Um dos assuntos abordados foi a diferença entre tarifa técnica e do usuário. “A técnica é a calculada sobre parâmetros da licitação. A tarifa do usuário é aquela que o poder público arbitra para o pagamento de quem usa o sistema, com subsídio. A técnica não cai, porque o contrato não deixa”, explicou Neves. Hoje a tarifa técnica é de R$ 2,99 e o valor pelos usuários fica em R$ 2,70.

Documentos

Mastriner criticou a forma como a tarifa é explicada. “Em todas as discussões sobre a tarifa, a Urbs não conseguiu dar respostas claras de onde tirou os coeficientes dos índices de consumo do transporte coletivo. Mistura-se custo de vigilante de terminal de ônibus com o dos uniformes de motorista e cobradores. O que esses dois itens têm a ver?”

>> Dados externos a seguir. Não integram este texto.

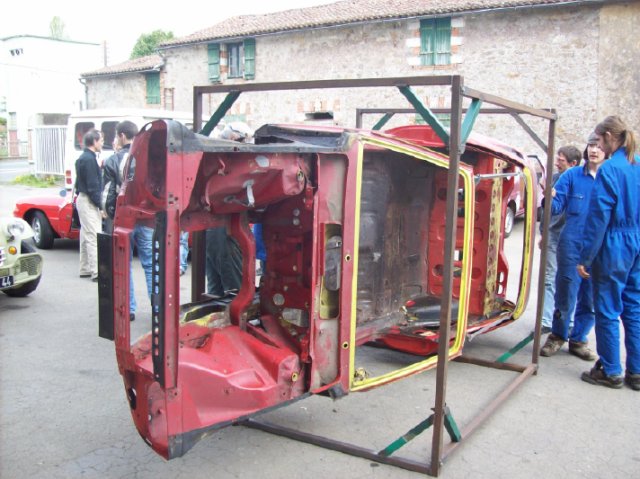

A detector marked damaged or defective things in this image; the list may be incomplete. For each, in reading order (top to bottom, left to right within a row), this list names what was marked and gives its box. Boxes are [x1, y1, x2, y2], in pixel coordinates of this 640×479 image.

rusty steel frame [190, 75, 556, 476]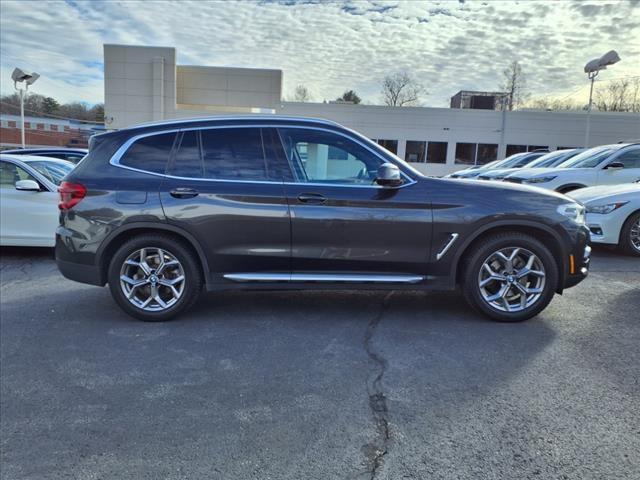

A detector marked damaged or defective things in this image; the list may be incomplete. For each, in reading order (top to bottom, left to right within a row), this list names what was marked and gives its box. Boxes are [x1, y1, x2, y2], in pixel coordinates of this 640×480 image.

crack in asphalt [362, 290, 392, 478]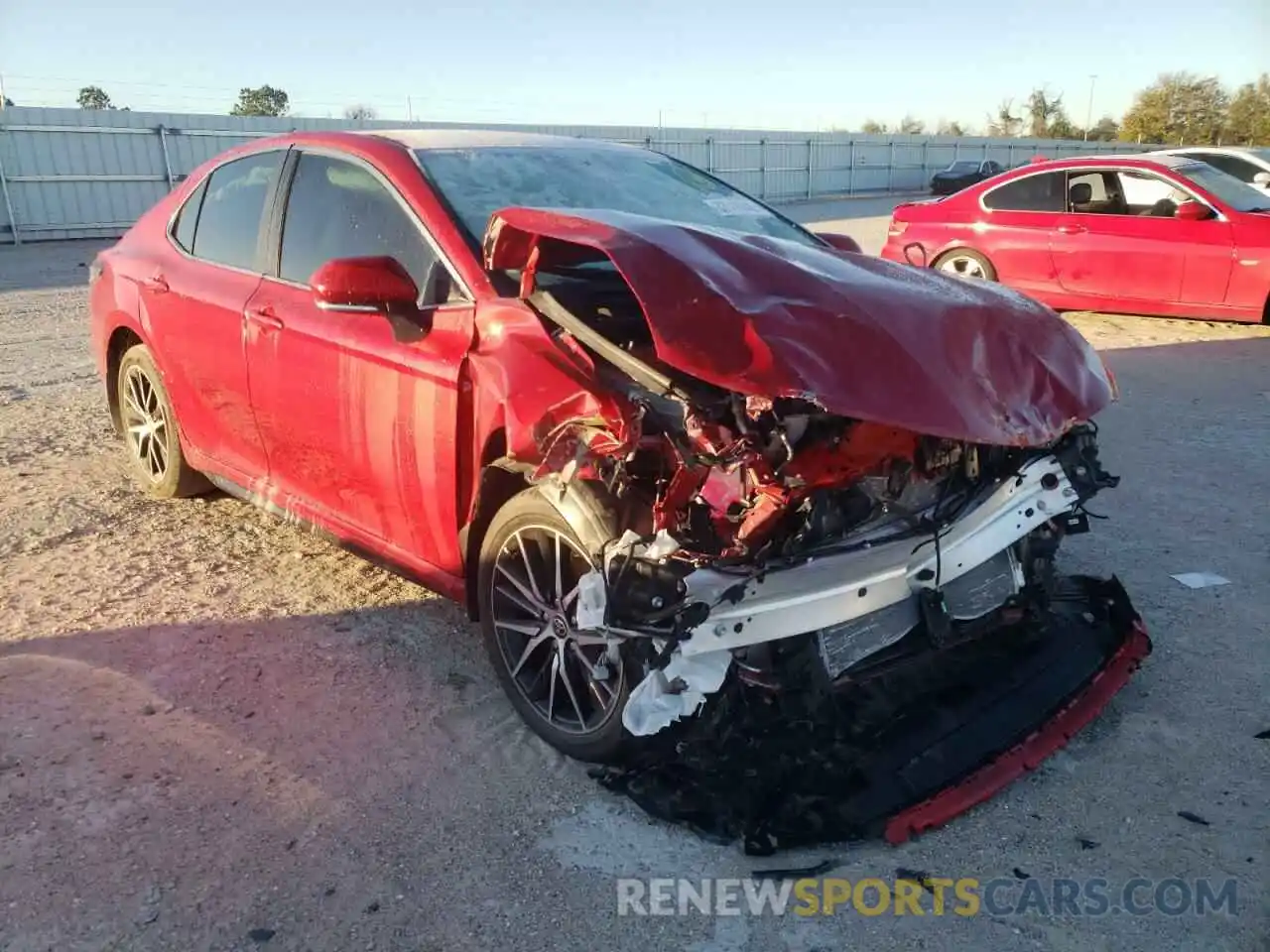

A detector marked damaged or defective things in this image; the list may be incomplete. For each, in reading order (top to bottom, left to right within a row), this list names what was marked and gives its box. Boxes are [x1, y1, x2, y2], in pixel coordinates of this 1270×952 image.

crumpled hood [480, 208, 1119, 446]
destroyed front end [476, 206, 1151, 849]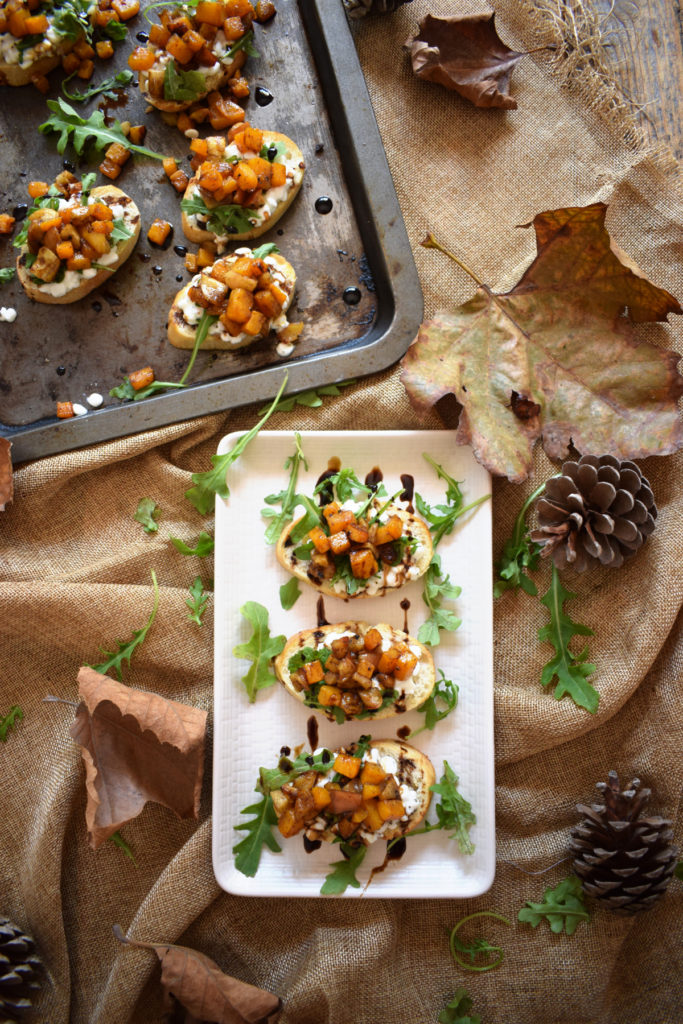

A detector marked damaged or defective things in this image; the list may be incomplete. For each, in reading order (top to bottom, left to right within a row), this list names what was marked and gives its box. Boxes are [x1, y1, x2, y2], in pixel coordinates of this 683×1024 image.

rusty tray edge [7, 0, 421, 464]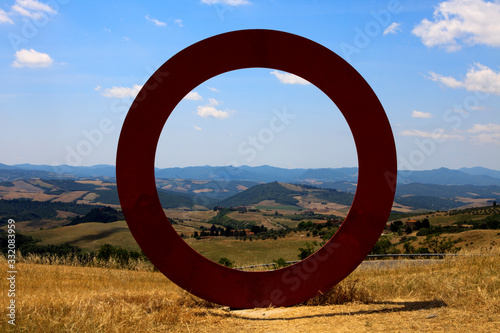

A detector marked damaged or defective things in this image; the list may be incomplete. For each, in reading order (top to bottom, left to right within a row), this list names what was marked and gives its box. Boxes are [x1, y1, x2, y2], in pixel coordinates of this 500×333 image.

rusted metal surface [115, 29, 396, 308]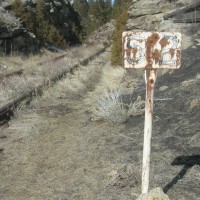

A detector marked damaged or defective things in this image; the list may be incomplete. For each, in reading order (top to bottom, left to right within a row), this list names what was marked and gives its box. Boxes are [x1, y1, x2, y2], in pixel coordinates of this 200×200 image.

rusty metal sign [122, 31, 181, 69]
rust stain on sign [122, 31, 182, 69]
rusty steel rail [0, 45, 109, 120]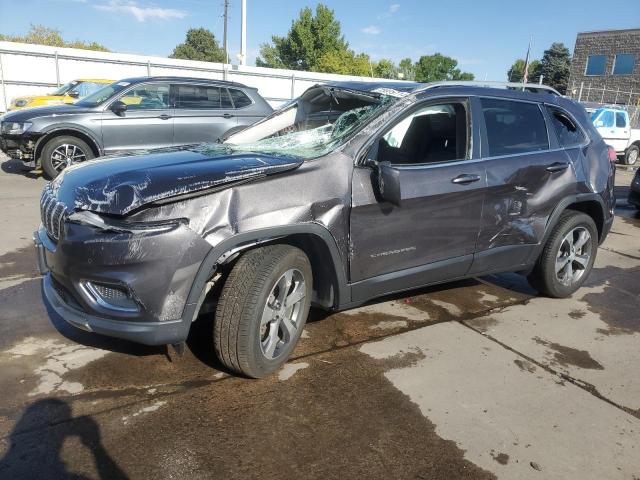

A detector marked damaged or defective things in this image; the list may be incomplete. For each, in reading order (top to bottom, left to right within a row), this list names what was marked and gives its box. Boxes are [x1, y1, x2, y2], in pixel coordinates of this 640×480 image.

shattered windshield [218, 86, 392, 159]
crumpled hood [52, 145, 302, 215]
damaged jeep cherokee [35, 79, 616, 378]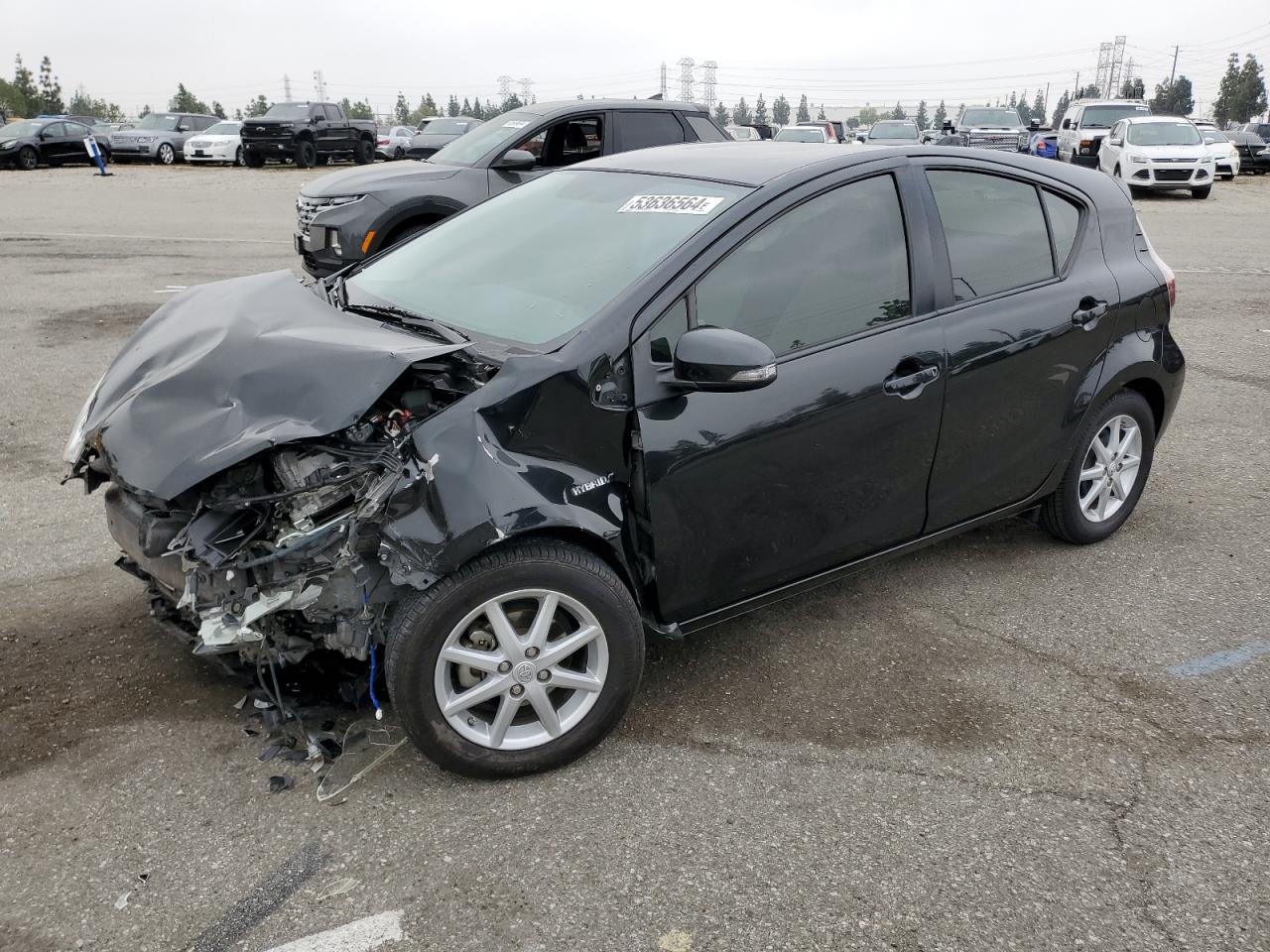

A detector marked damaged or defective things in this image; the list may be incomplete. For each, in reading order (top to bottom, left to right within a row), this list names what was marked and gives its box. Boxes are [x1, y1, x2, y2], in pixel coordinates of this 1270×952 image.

broken headlight [63, 373, 105, 462]
damaged hood [81, 270, 466, 498]
crashed black hatchback [66, 143, 1183, 781]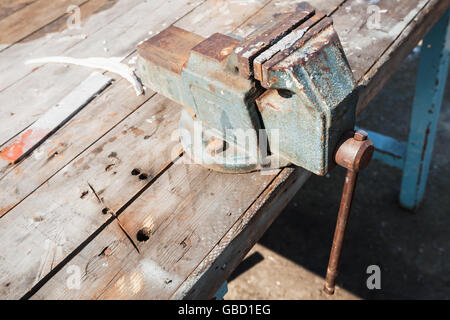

Hoje os membros da CPI visitarão a Secretaria Municipal de Finanças, para acessar documentos e dados sobre o recolhimento de ISS decorrente do transporte público. Dois técnicos da pasta serão convidados a participar das próximas reuniões da comissão. Ao final do encontro, o presidente da CPI, vereador Jorge Bernardi (PDT), anunciou que já tem dados suficientes para solicitar auditoria independente.